Histoplasmosis may also be killing numerous patients beyond Latin America

As we begin to unveil the burden of disease in Latin America, this is a signal for manufacturers of diagnostic tests that there is a potential market in low- and middle-income countries, and, hopefully, this will drive innovation to obtain cheap, reliable, and easy to use tests, ideally point-of-care tests. Specific efforts should aim to provide these tests in low and medium resource countries. Histoplasma capsulatum is known to be present throughout the world, and studies are starting to find it in significant numbers among HIV-infected patients. Hence, there are now reports of HIV-associated histoplasmosis in Cameroon, Nigeria, Ivory Coast, Congo, South Africa, India, China, and Southeast Asia.[2426] In a recent study among 100 imported cases of histoplasmosis diagnosed between 2007 and 2018 in France, 55 were acquired in West and Central Africa. [27]

It is too early to estimate a precise burden, but given the number of immunocompromized patients in these regions, this may only be the tip of another iceberg and could amount to a considerable amount of morbidity and, in the absence of awareness, diagnosis, and treatment, deaths, as shown in Table 1.

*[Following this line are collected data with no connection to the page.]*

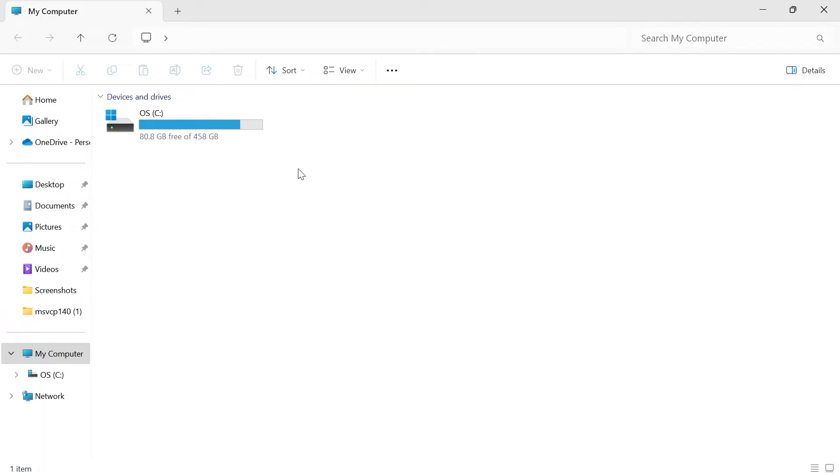In this video I'm going to show you how to fix the issue where your downloads folder is missing from your Windows 11 computer.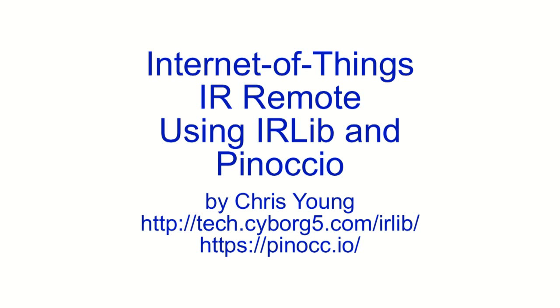Hi, my name is Chris Young, and I'm here to demonstrate how I built an Internet of Things Infrared Remote using my IRLib library and the Pinocchio platform.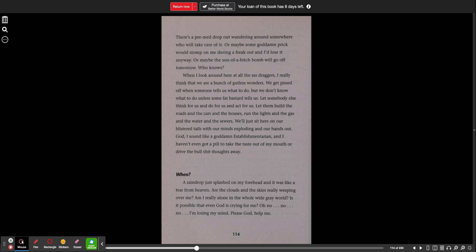When I look around here at all the ass draggers I really think that we are a bunch of gutless wonders. We get pissed off when someone tells us what to do but we don't know what to do unless some fat bastard tells us. Let somebody else think for us and do for us and act for us. Let them build the roads and the cars and the houses. Run the lights and the gas and the water and the sewers. We'll just sit here on our blistered tails with our minds exploding and our hands out. God. I sound like a goddamn establishmentarian and I haven't even got a pill to take the taste out of my mouth or drive the bullshit thoughts away.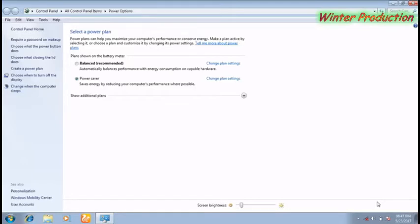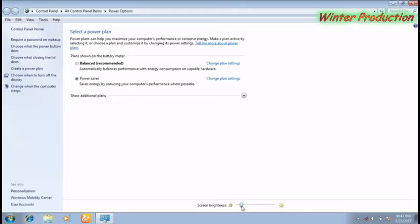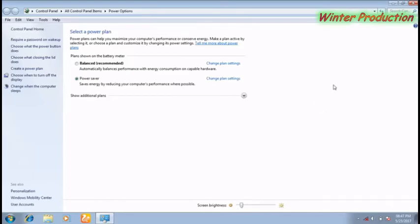At the bottom of the dialog box, you can see the screen brightness slider. To adjust the brightness, move the slider up and down, then close the dialog box.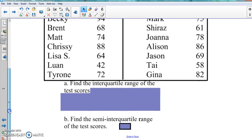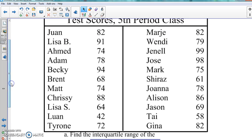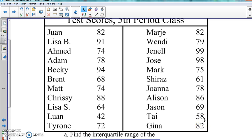When we do this in a calculator, we're putting every single one of these numbers — from the top all the way through to 82 at the bottom — into L1. We'll hit STAT, go to the right, hit one, and then calculate it to find our interquartile range and then the semi-interquartile range. So use all those numbers.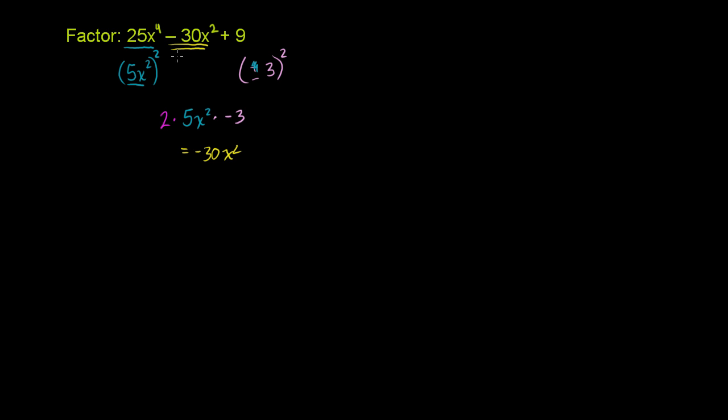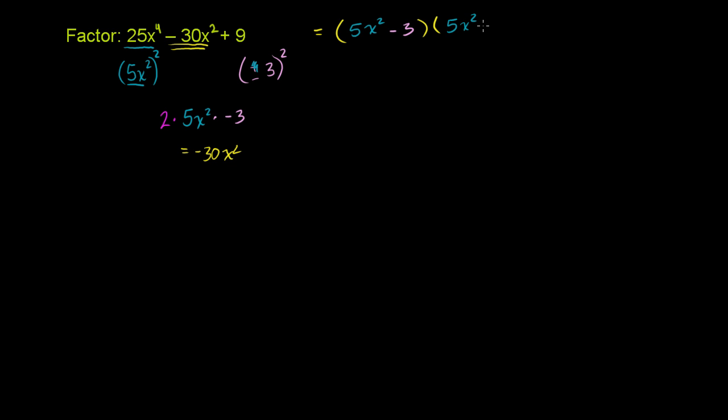We know that this is a perfect square. So we can just rewrite this as 5x squared minus 3 times 5x squared minus 3.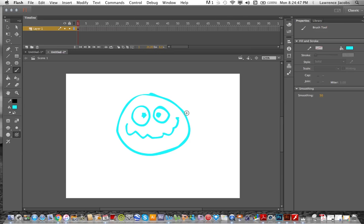And looking at this blue thing, I'm going, hmm, wouldn't it be nice to have a black line around it? Well, if you go over to your properties, you see using properties over here on the right-hand side.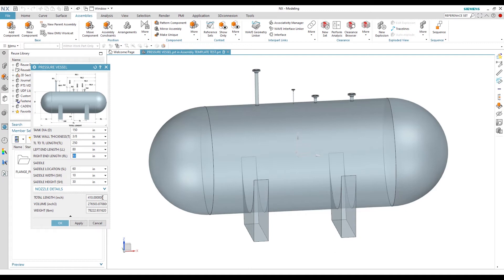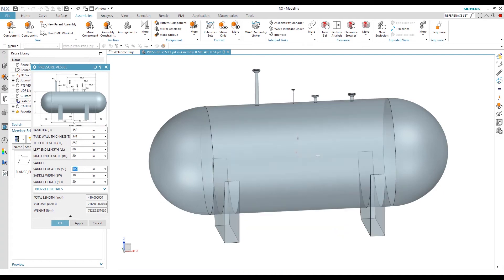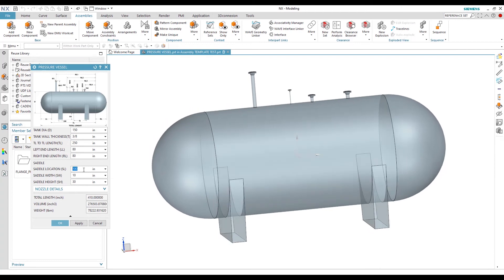We cannot manually edit the total length here. For the saddle, we can move its location. The parameter SL represents the distance from the center of the vessel to the center of the saddle. If we increase SL from 60 to 100, the saddle location will change equally from both sides.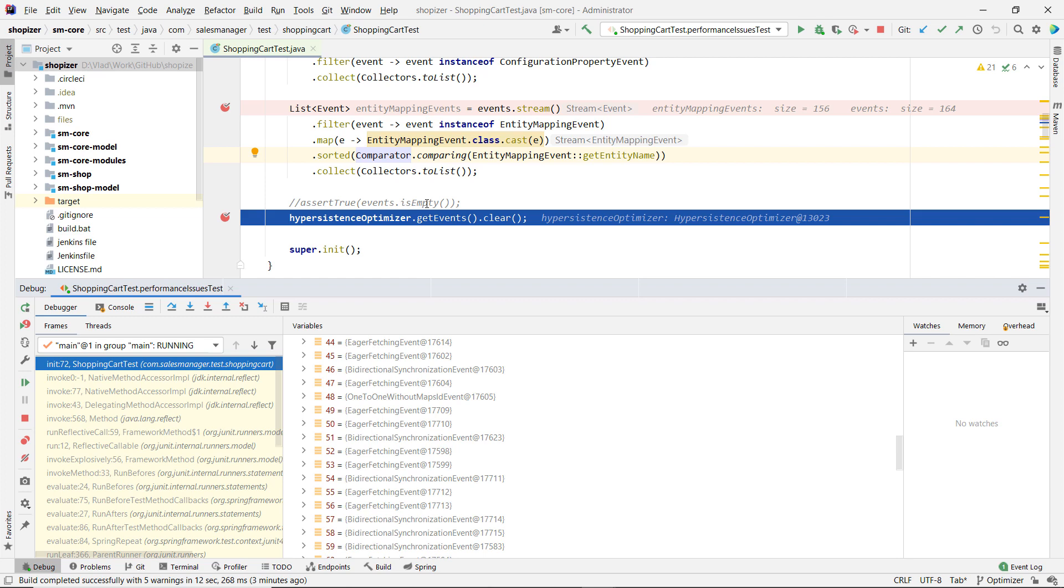This video is the second part of this series. Check out in the description section the link for the first video, in which we have seen how to install Hypersistence Optimizer to detect the JPA and Hibernate performance issues in this Shopizer open-source project.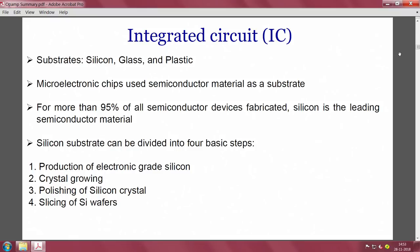The substrates used in integrated circuits include silicon, glass, plastic, mica, and crystals. For more than 95 percent of all semiconductor devices, silicon is the leading semiconductor material. Silicon substrate processing involves four basic steps: production of electronic grade silicon, crystal growing, polishing, and slicing of the silicon wafer.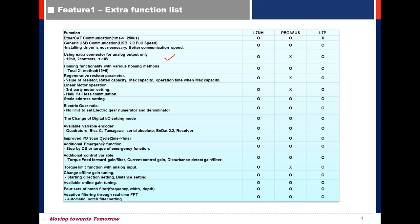Improved I/O Scan Cycle Time to 1 millisecond. Additional Emergency Function: possible to choose stopping by dynamic brake or torque.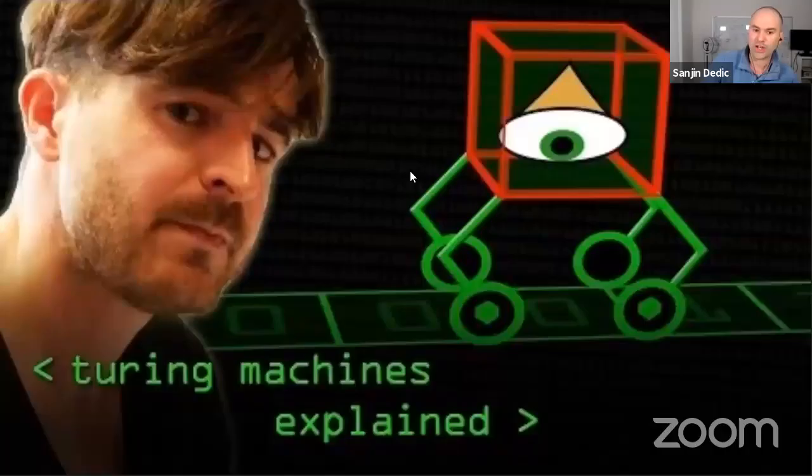Take a look at this video about a Turing machine from a YouTube channel called Computerphile. Let me know in the chat if you can hear it — I'm going to make sure I share audio with all attendees.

Table 1. Simulations applying the mean incidence rate, the 10th percentile, and the 90th percentile for Latin America to the number of persons living with HIV in selected countries in Asia and Africa.

Hence, factoring the number of persons infected with HIV in 2018 in a selection of African and Asian countries by the average and 10th and 90th percentiles of the Latin American incidence rate, with a 50% symptomatic proportion and a conservative 40% mortality, suggests, for these countries, nearly 110,000 [48,000–430,000] annual cases and nearly 44,000 [20,000–85,000] deaths. This very crude and very criticizable estimate could be biased by differences in environmental conditions, host, and pathogen genetic backgrounds on different continents. It should nevertheless stimulate research documenting the true burden of histoplasmosis among persons living with HIV throughout the world and the natural history of dissemination as immunosuppression gradually deepens, which could lead to preemptive treatment before severe symptoms appear. In conclusion, over 100 years after the first description of histoplasmosis in a patient presenting tuberculosis-like symptoms the diagnostic difficulty remains for most clinicians across the world, with lethal consequences.